We vroegen Anke Loh naar de mensen, films, boeken en/of gebeurtenissen die haar werk maar vooral haarzelf hebben beïnvloed. Haar keerpunten, dus.

De elpee ‘Halber Mensch’ van Einstürzende Neubauten

“Sinds ik Neubauten ken, heb ik nooit nog een groep ontdekt die een even grote indruk op mij heeft gemaakt. Halber Mensch is de eerste plaat die ik van hen kocht, maar ik kan evengoed hun hele oeuvre citeren. Ik heb ze ook al een aantal keren live aan het werk gezien. Hun muziek is chaotisch, vol noise en lawaai, terwijl de songteksten heel analytisch en intelligent zijn. Neubauten is ook een groep die volstrekt autonoom opereert, en ook dat is bewonderswaardig.”

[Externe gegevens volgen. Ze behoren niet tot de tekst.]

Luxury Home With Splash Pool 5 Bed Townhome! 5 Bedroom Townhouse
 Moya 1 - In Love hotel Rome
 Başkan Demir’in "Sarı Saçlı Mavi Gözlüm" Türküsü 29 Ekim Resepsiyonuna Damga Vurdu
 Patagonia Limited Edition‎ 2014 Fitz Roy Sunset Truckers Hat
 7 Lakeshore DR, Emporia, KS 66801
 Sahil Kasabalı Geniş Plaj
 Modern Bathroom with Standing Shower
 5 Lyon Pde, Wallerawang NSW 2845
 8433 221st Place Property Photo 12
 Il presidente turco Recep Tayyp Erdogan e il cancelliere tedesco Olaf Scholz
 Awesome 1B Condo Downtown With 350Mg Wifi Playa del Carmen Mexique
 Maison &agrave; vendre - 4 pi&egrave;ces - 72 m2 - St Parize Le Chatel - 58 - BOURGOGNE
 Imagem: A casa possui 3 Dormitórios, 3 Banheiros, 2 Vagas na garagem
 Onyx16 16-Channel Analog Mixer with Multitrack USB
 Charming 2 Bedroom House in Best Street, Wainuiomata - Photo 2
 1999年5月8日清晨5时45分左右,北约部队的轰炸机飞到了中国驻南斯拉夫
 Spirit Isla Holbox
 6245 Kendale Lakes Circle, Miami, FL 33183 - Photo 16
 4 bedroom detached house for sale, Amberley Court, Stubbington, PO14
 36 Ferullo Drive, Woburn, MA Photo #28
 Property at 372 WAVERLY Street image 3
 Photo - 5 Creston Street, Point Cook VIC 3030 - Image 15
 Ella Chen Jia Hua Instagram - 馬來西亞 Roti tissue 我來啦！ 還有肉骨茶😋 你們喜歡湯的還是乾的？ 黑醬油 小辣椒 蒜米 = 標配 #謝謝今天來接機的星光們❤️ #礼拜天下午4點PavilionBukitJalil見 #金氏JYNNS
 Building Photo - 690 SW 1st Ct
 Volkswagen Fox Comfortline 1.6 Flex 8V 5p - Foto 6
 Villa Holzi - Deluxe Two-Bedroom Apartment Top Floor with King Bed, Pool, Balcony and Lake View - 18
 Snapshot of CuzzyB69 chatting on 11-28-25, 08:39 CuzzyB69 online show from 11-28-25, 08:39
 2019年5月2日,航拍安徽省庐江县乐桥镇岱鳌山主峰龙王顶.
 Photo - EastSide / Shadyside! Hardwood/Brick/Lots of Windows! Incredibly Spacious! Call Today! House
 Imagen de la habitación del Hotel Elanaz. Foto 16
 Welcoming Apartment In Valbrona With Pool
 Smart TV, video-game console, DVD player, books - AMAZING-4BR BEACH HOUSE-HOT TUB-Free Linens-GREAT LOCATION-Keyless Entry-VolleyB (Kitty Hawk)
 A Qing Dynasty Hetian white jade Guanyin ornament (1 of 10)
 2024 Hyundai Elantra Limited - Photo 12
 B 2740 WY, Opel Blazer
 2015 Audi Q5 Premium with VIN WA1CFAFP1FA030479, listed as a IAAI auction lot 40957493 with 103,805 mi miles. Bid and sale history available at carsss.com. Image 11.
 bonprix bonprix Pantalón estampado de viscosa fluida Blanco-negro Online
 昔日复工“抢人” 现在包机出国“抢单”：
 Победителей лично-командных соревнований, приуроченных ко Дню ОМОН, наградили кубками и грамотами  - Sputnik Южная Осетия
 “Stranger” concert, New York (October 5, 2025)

De langspeler ‘Nachtmahr’ van Meret Becker

“De zangeres Meret Becker heeft indirect te maken met Neubauten, want ze zingt mee op Stella Maris, een nummer op hun Ende Neu-cd. Maar dat wist ik nog niet toen ik haast bij toeval op een concert van haar terechtkwam. Ik was volstrekt gefascineerd door haar. Het was het soort moment waarop je dingen voelt die je voorheen niet echt kende. Er gaat een ware kracht van haar uit. Ze heeft een erg speciale stem en benadert muziek op een onconventionele manier. Ze neemt vaak teksten uit de literatuur en maakt er dan haar eigen interpretatie van.”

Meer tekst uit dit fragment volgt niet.